After some more reading on this forum and elsewhere (such as here and here), it seems like it might not be feasible to compute LOO when there are so many observations, as dropping a single observation out of hundreds of thousands is barely perceptible. The first link above has a good discussion on this subject.
Consequently, I have turned my efforts towards brms::kfold()
, which also seems more intuitive to me as there are natural groupings by individuals within my dataset that I can seperate into more or less equal folds. However, I have some new questions regarding its use:
- Am I correct in my understanding that
brms::kfold()
is just another way to approximate the PSIS LOO information criterion?
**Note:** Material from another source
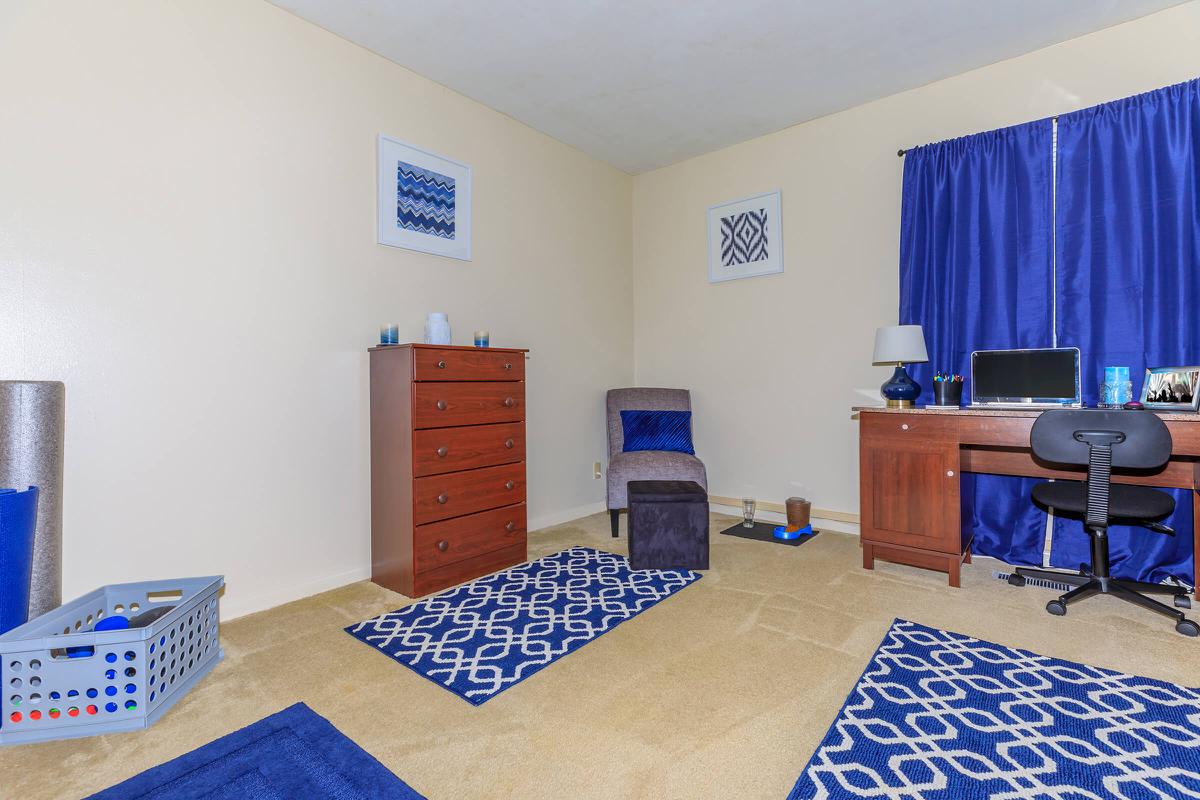 a living room filled with furniture and a rug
Can I call the result the same thing, just estimated a different way? - I’ve come to realize
brms::loo_subsample()
can pass arguments toloo::loo_subsample()
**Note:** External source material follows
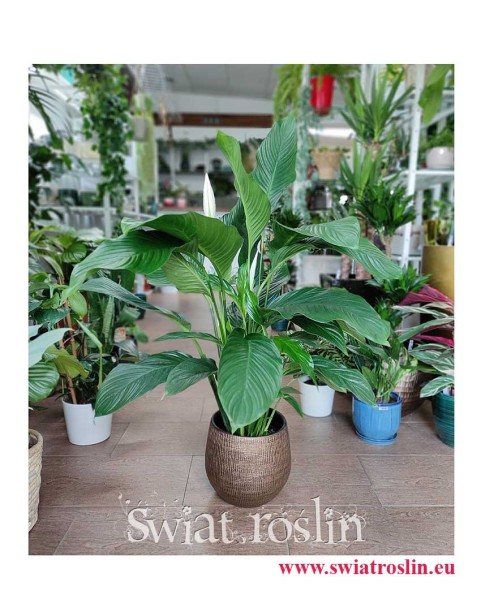 Spathiphyllum Alfetta, Skrzydłokwiat Alfetta, duże rośliny doniczkowe, modne rośliny doniczkowe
, of interest are the arguments that can help speed things up, likedraws
,observations
, andcores
. However, it’s not clear from thebrms::kfold()
docs that I can do those same things. From what I can gather, it seems I can pass chains/cores/threads arguments tobrms::brm()
… So what exactly doesfuture_args
accomplish, is it to run the folds in parallel while chains/cores/threads applies to within each fold? Is there a rule fo thumb of the most efficient way to set this up for large models?
Thank you for your time, I know I’ve diverged a bit from the title of the question, so I can post another thread instead… But it seems like a natural progression that other users might end up here looking to solve slow LOO computations and be redirected to kfolds.